Leslie's Omnibus


I know Old Crankypants was a stone atheist, but I'm convinced he was surprised as hell to find himself hanging around in the ether after all.


Jan 19 2010

"My bagder's [sic] gonna unleash hell on your ass. Badgertastic!"

"No, not the cats. Don't trust them. Their eyes. Their eyes. They know too much."

"Just look at yourself. Yeah, now look at me. You don't stand a chance. It must suck to be you, I'm sure."
Robbie is whispering in the ear of the Sleep Talkin' Man every once in a while.

And that makes me smile.

Why do I read Roissy? Sometimes he'll post something that just makes me grin. Like this. Brutally honest... but funny.

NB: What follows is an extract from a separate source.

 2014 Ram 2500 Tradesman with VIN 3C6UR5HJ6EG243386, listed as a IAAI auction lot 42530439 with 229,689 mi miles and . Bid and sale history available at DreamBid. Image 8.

I have Contagion on the brain. I can't figure out why, though...

The Daily Douche Bag:
A Georgia woman is in jail after police say she forced her son to kill his pet hamster with a hammer as punishment for bad grades.
Lynn Middlebrooks Geter is an incredible Douche Bag.

I am very happy to hear that my favorite Grouchy Old Cripple is healing fast. Geeze! He survives a bunch of drunken Jawja Blown-Eyes helping his own alcohol-fueled crippledy self down the stairway to Hell along side the Chatahoochee, but gets knocked upside the head when he's actually doing something relatively safely?

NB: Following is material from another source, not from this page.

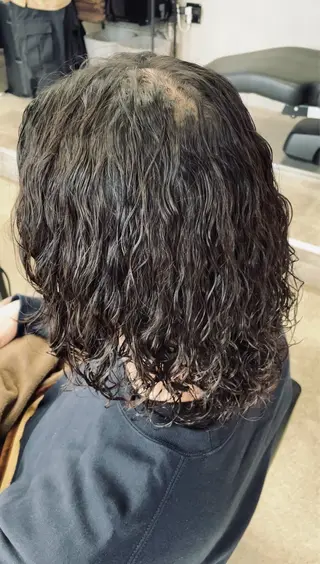 ミディアム パーマ メンズ 大島 渓翔のヘアスタイル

Yeah, he's another atheist, but I prayed for his recovery anyway. (He had to get better! He's the only blodger, Blown-Eyed or Blown Star, who brings me three bottle of wine to every blodgemeet. And he lets me sing harmony on occasion.)

Smooches, Denny!

Great Reader is still on hiatus, so I'll say it for him: "It's Friday! Let's Dance!"

I don't know about you, but my toes are tapping!